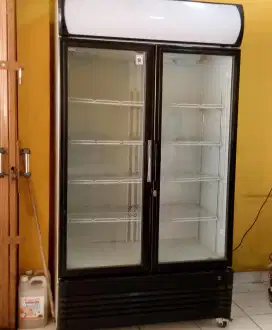 JUAL CEPAT CHILLER BESAR BEKAS RESTO
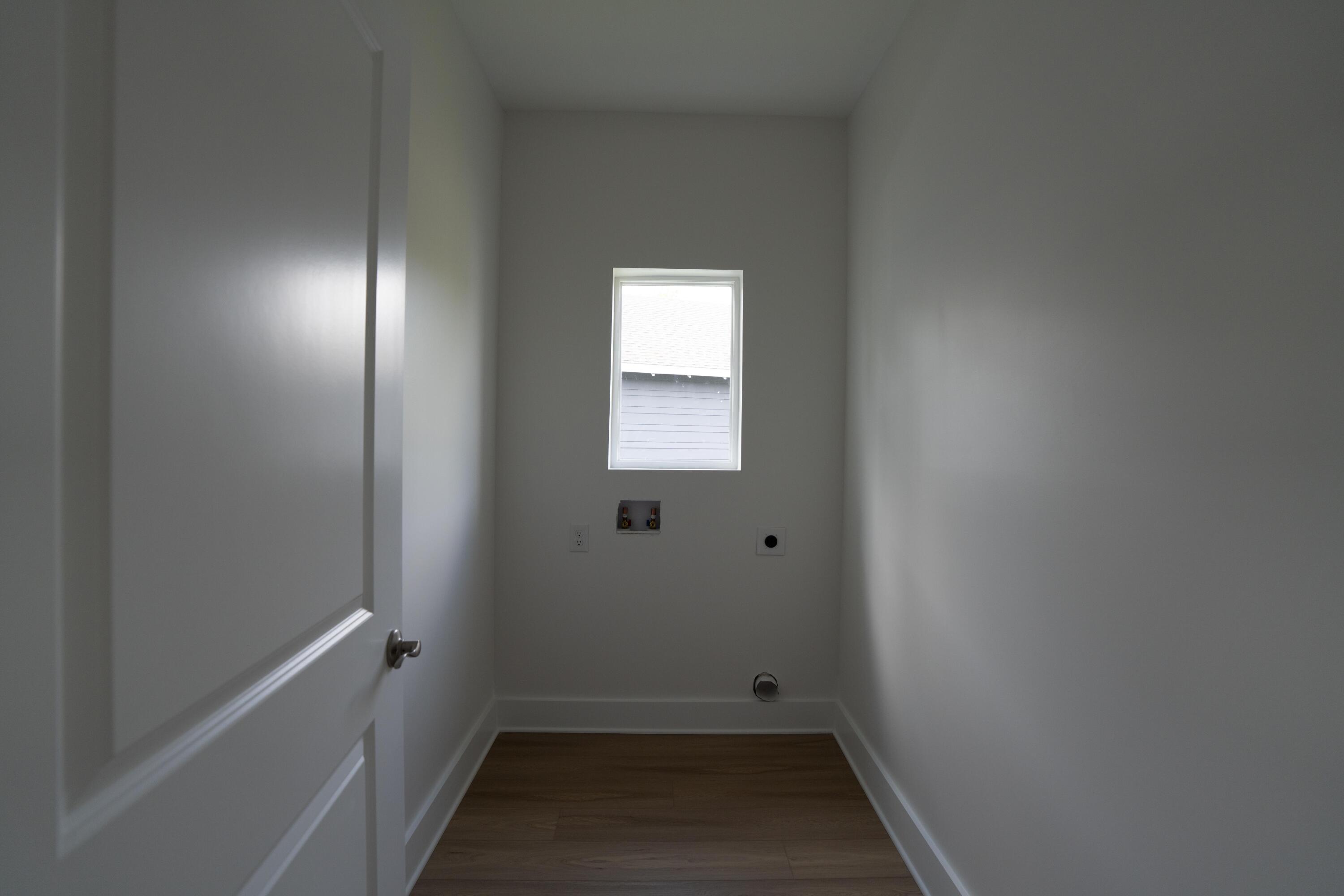 SACRED OAKS PH 2 - Residential Lease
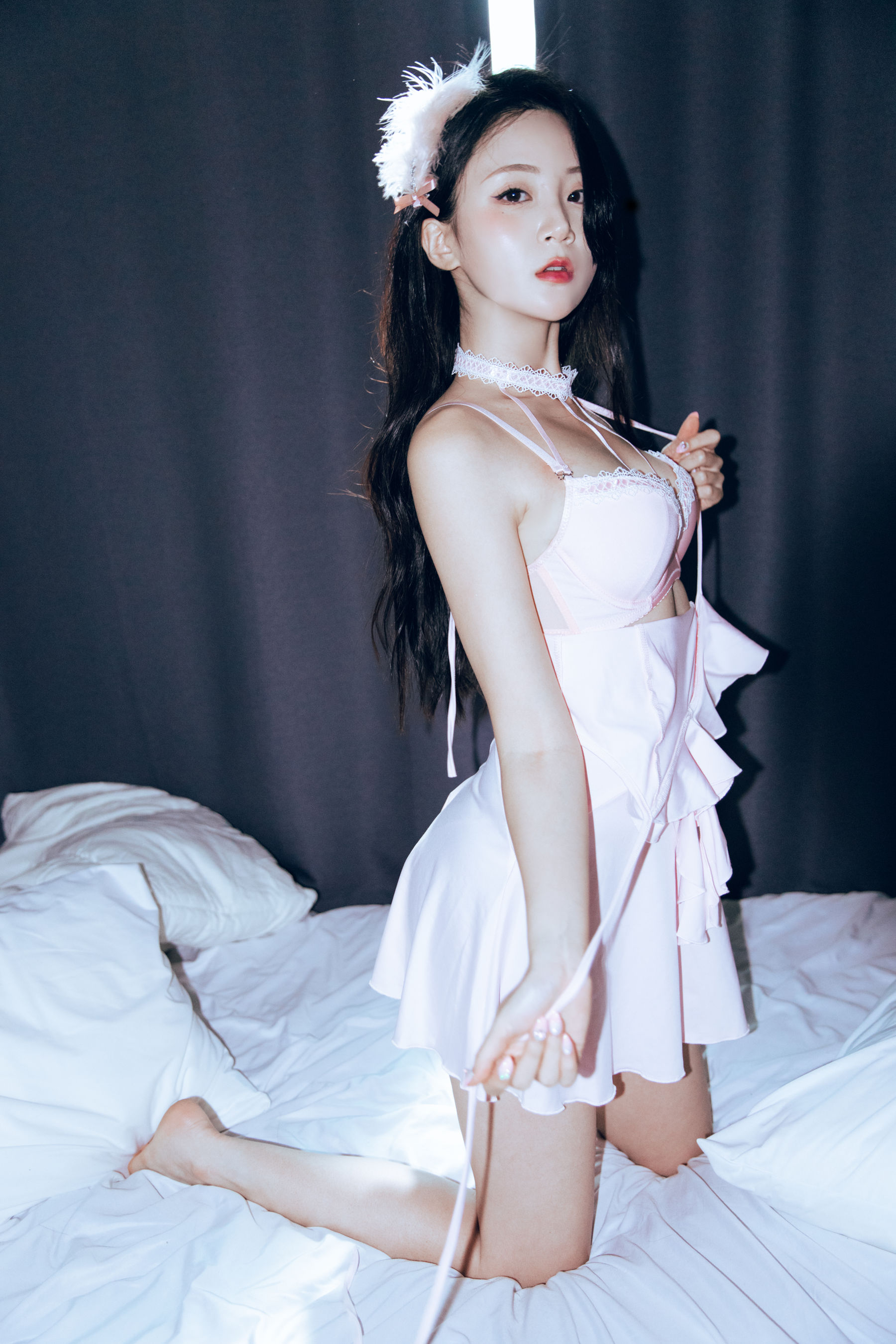 Hanseul - Black Swan/(58P)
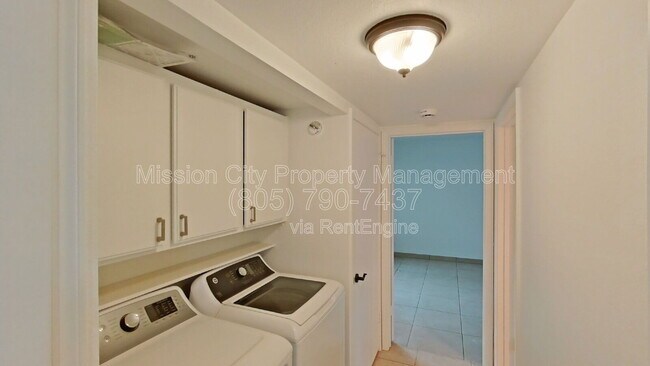 Building Photo - 432 Via Rosa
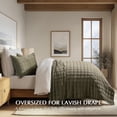 thumbnail image 3 of EVERGRACE Pearl Velvet Quilt Full Queen Size Bedding Sets, Luxurious Soft Velvet Comforter Set, Lightweight Box Stitching Oversized Bedspread Coverlet for All Season, with 2 Shams, Moss Green, 3 of 8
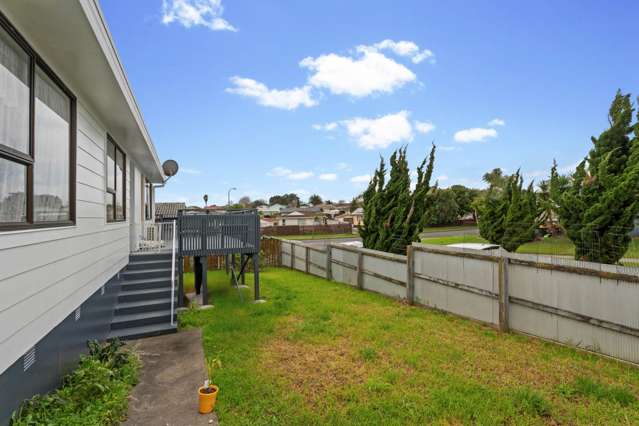3/1 Rebecca Rise Clendon Park_4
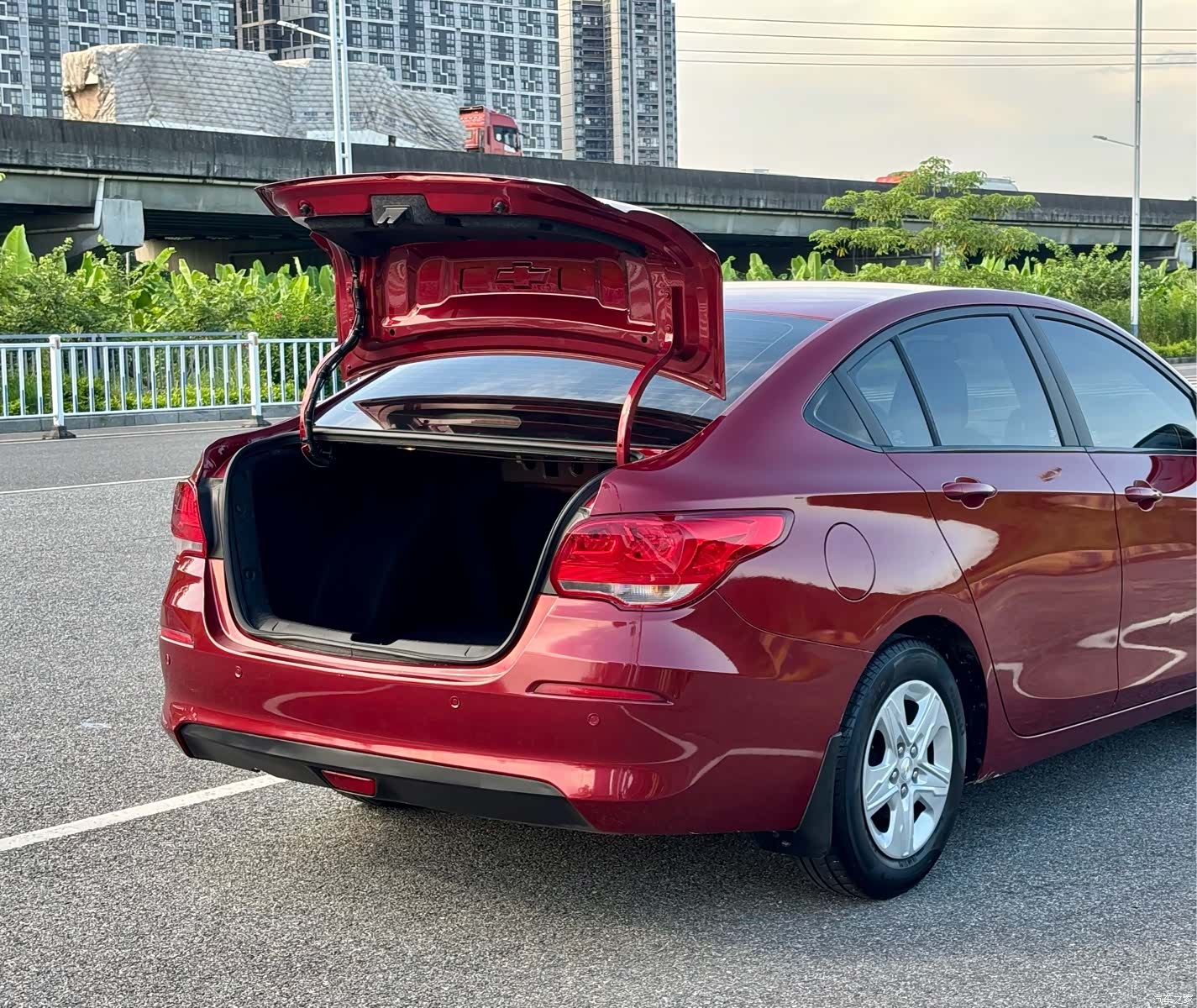 Chevrolet 320, 2018 14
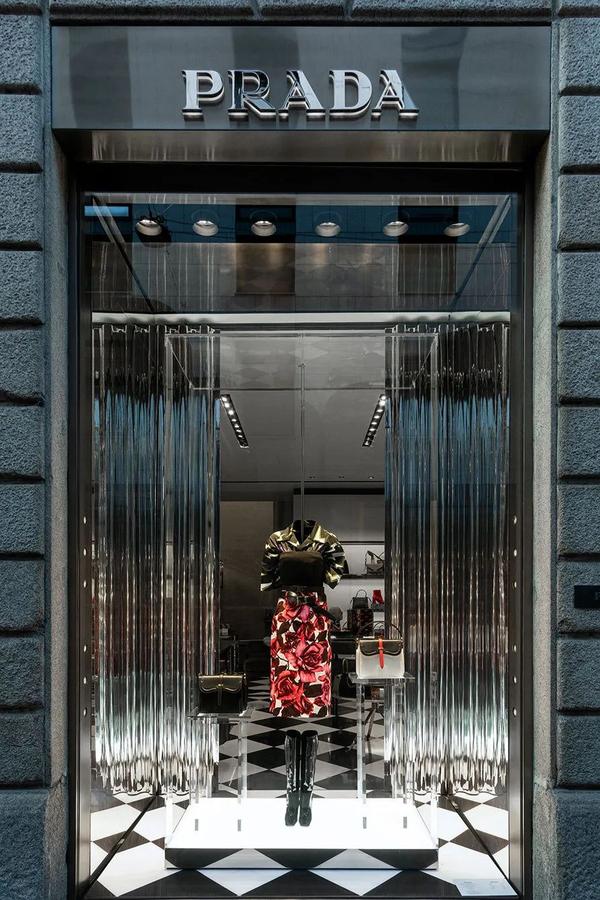 陈列培训 跟着prada的陈列 学习时尚哲学 知乎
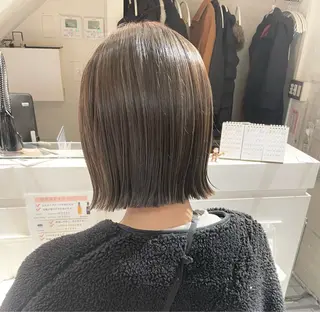 ミディアム カラー 矢幡 栞菜のヘアスタイル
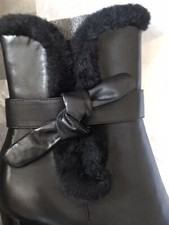 Womans “Markon” black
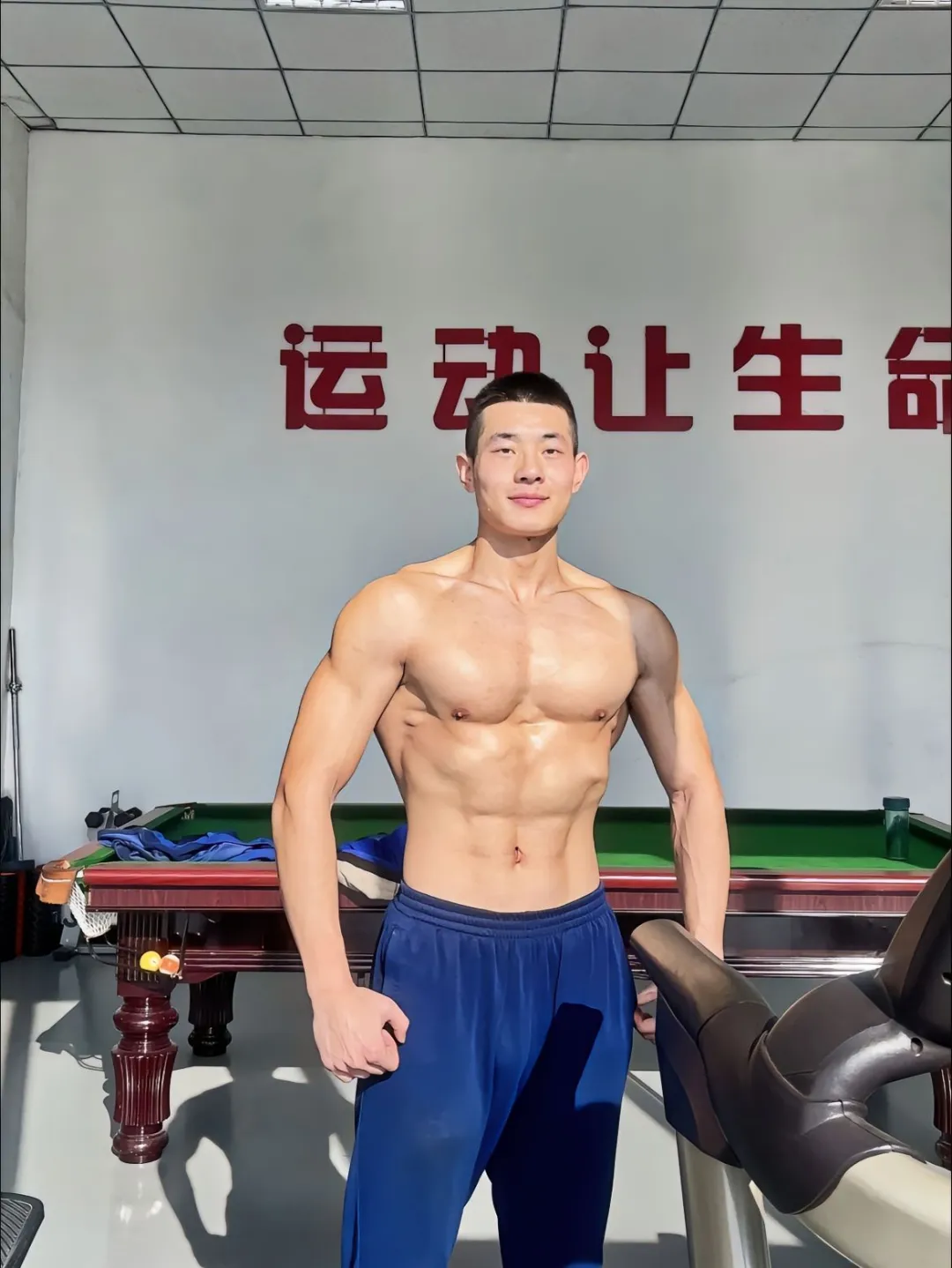 图片[13]-22岁硕大胸肌蓝朋友，宽肩细腰安全感爆棚！-小蓝短视频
==============================
EXERCISE BRIEF: From the line containing "陈列培训 跟着prada的陈列 学习时尚哲学 知乎" to the last line of the listing above, transcribe each line exactly, skipping the pictures.

TASK SOLUTION:
 陈列培训 跟着prada的陈列 学习时尚哲学 知乎
 ミディアム カラー 矢幡 栞菜のヘアスタイル
 Womans “Markon” black
 图片[13]-22岁硕大胸肌蓝朋友，宽肩细腰安全感爆棚！-小蓝短视频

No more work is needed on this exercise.